◆ TASK GOAL ◆
The result should be a word-for-word retyping of the entries below, free of pictures.

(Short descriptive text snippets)
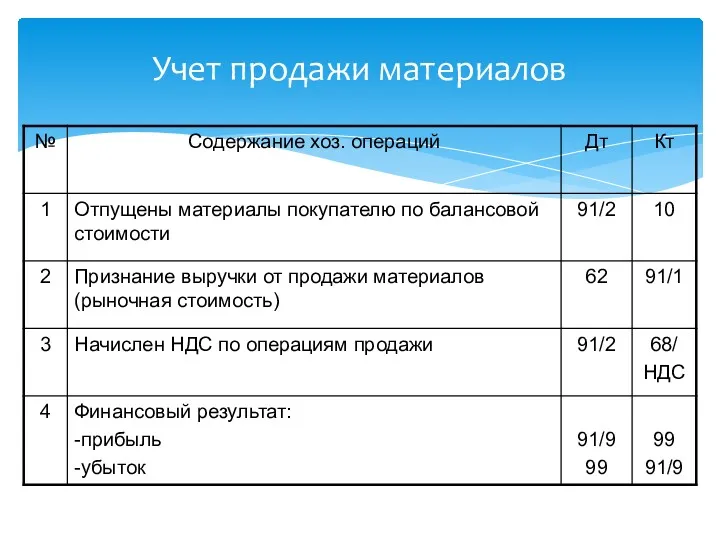 Учет продажи материалов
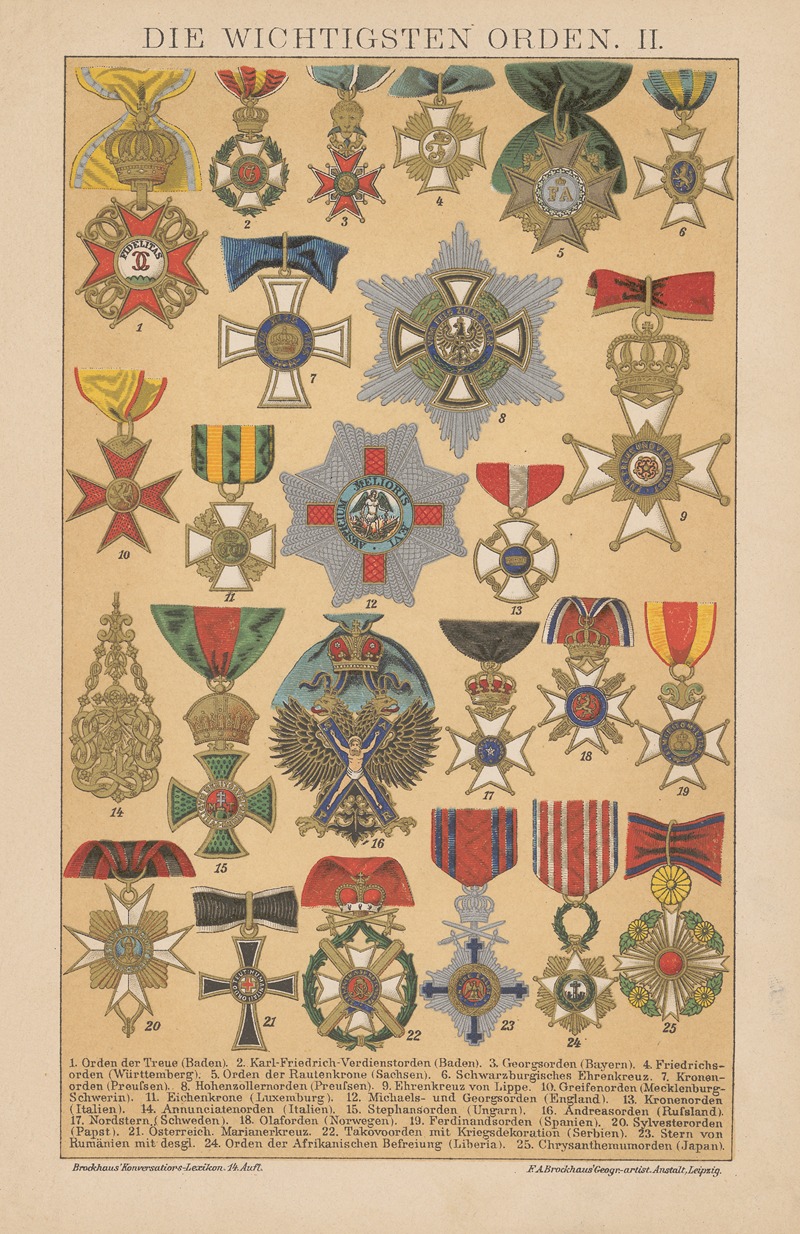 F.A. Brockhaus - Die Wichtigsten Orden.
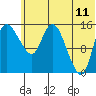 Egegik River Entrance tide chart for Saturday, June 11, 2022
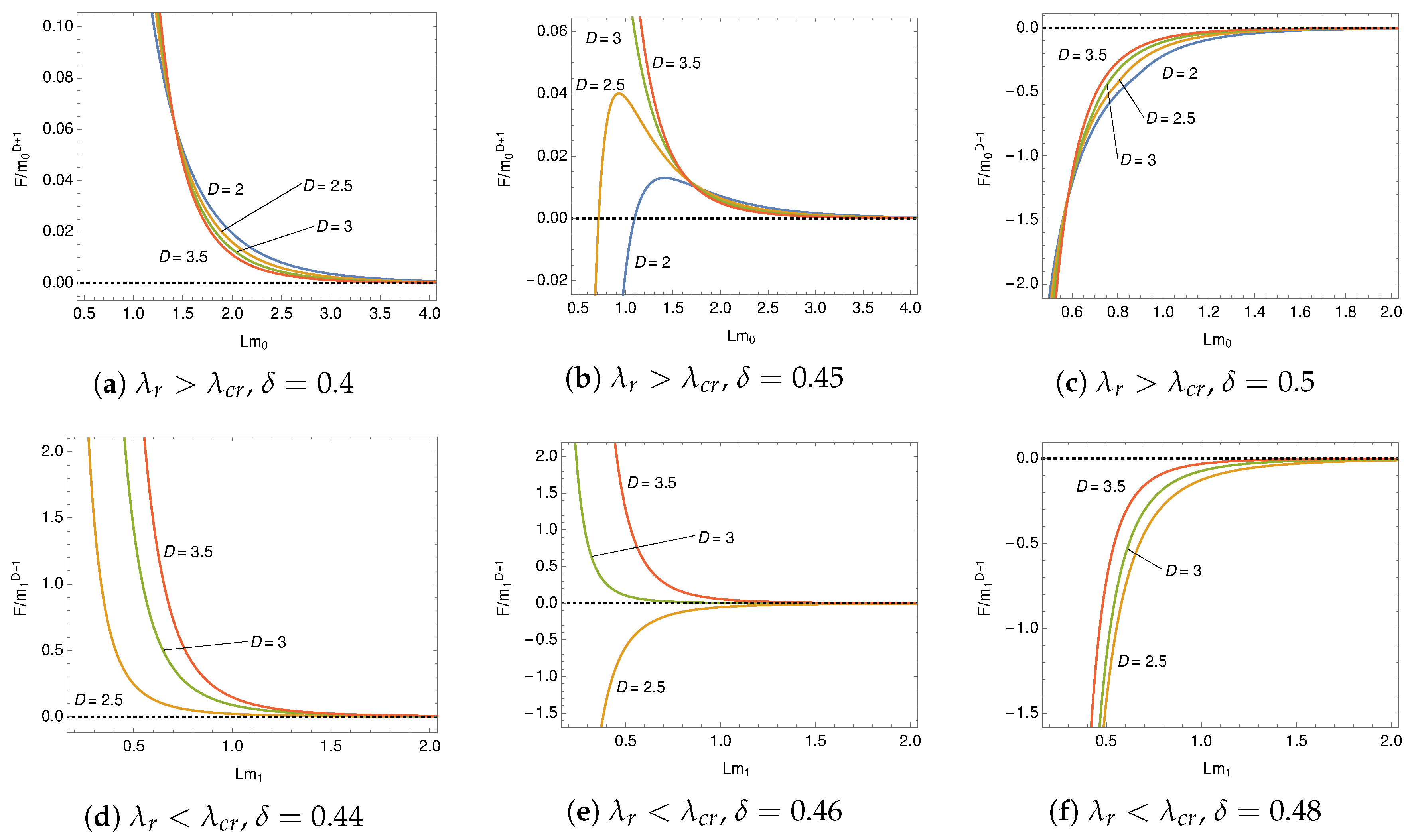 Symmetry 11 00451 g012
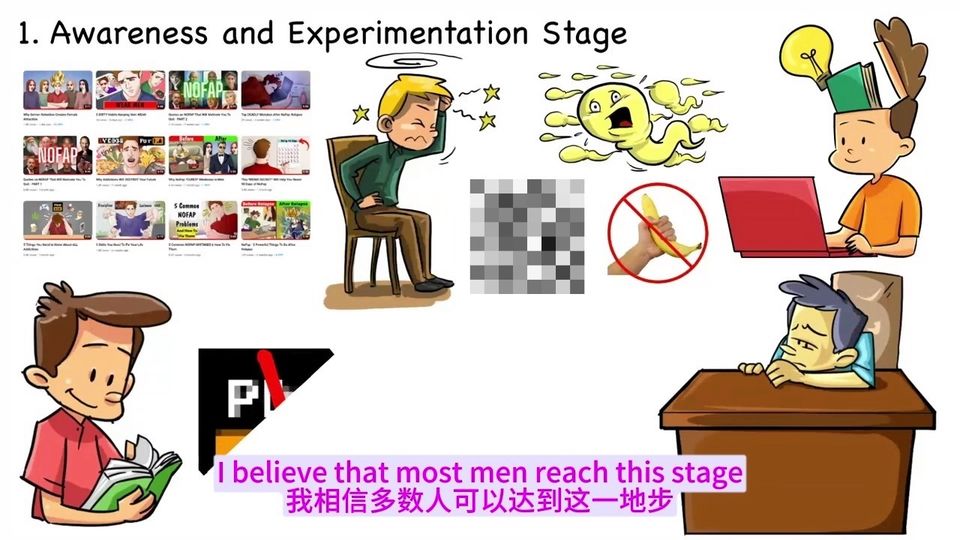 ”分享：【国外戒色视频第五十五期】戒色的五个阶段！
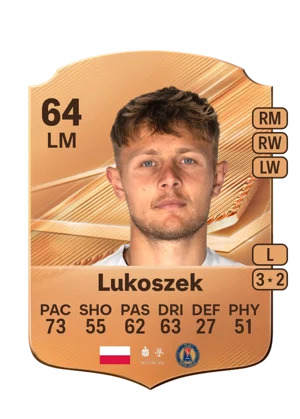Lukoszek - 64 - Rare EA FC 27 card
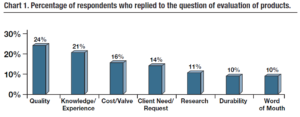 Percentage of respondents who replied to the question of evaluation of products.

◆ COMPLETED EXERCISE ◆
 Учет продажи материалов
 F.A. Brockhaus - Die Wichtigsten Orden.
 Egegik River Entrance tide chart for Saturday, June 11, 2022
 Symmetry 11 00451 g012
 ”分享：【国外戒色视频第五十五期】戒色的五个阶段！
Lukoszek - 64 - Rare EA FC 27 card
 Percentage of respondents who replied to the question of evaluation of products.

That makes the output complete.